Een normale urineteststrip test de aanwezigheid van rode bloedcellen (erytrocyten), witte bloedcellen (leukocyten), nitriet, suiker (glucose), proteïne, ketonen, pH en urobilinogeen. Elke zone bevat een indicator die bij contact met de te testen stof anders van kleur verandert. Hoe meer van de te testen stof aanwezig is, hoe sterker de kleurverandering.

De urineteststrip wordt kort in het bakje met de te testen mediumstroom urine gehouden en is daarna direct af te lezen. Er is een referentieschaal meegeleverd om de verschillende kleurveranderingen te helpen verklaren. De urineteststrip is een handig hulpmiddel voor een eerste diagnose.

Het geeft een grove indicatie van de mogelijke aanwezigheid van bepaalde ziekten. De striptest kan echter geen nauwkeurige informatie geven over de hoeveelheid stoffen in de test. De intensiteit van de kleurverandering geeft slechts een ruwe schatting van de hoeveelheid aan.

Om preciezere informatie te verkrijgen, is dan een nauwkeuriger urinetest in het laboratorium nodig.

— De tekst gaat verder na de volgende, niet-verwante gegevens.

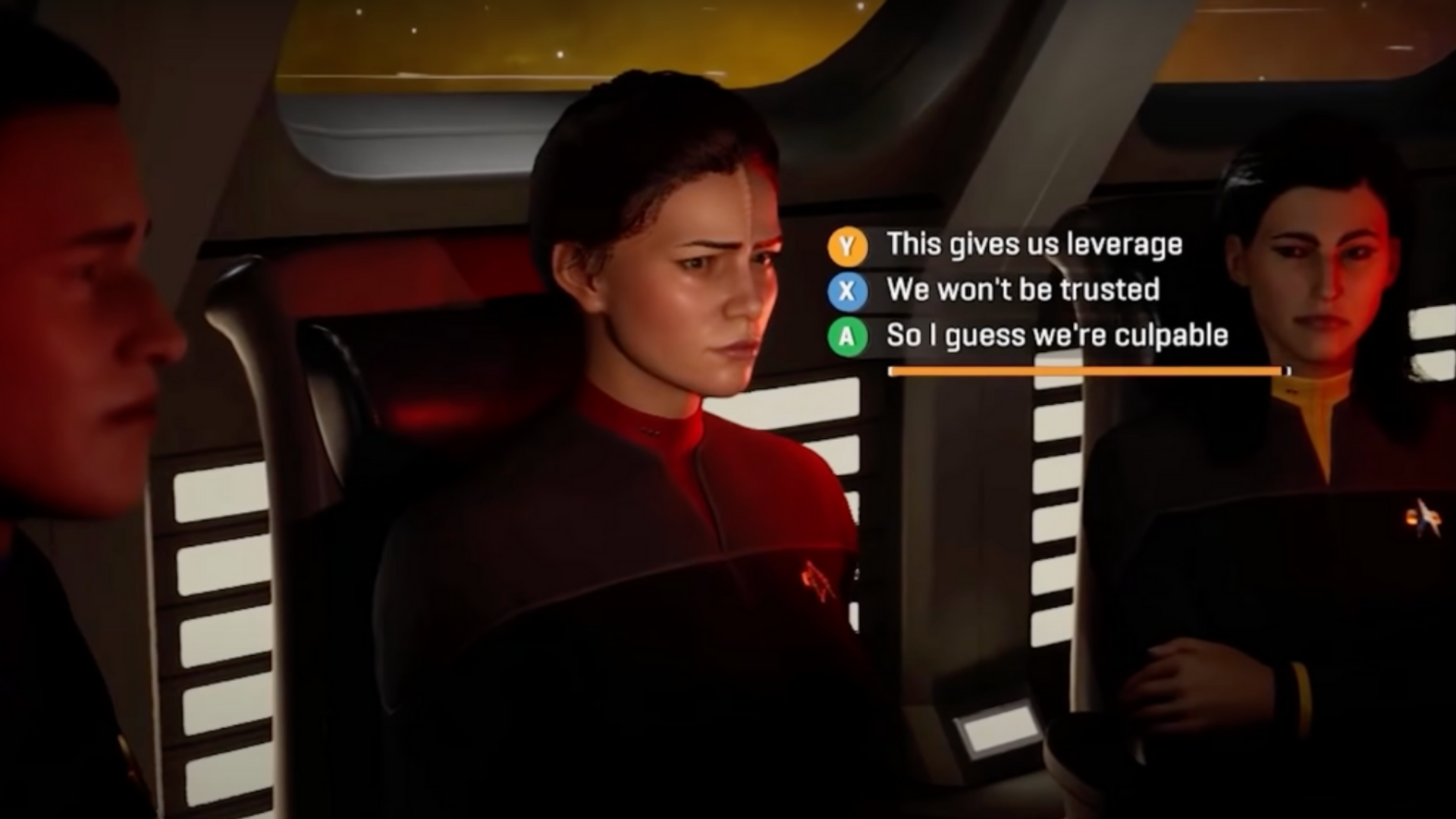 Star Trek: Resurgence Video Game Delayed to April 2023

Urineteststrips worden gebruikt in de praktijk (huisartsen, gynaecologen, kinderartsen) en kunnen door de patiënt ook als zelftest worden gebruikt. Ze zijn een zeer nuttig hulpmiddel voor primaire diagnostiek voor de bovengenoemde maatregelen en kunnen indien nodig worden aangevuld met verdere tests.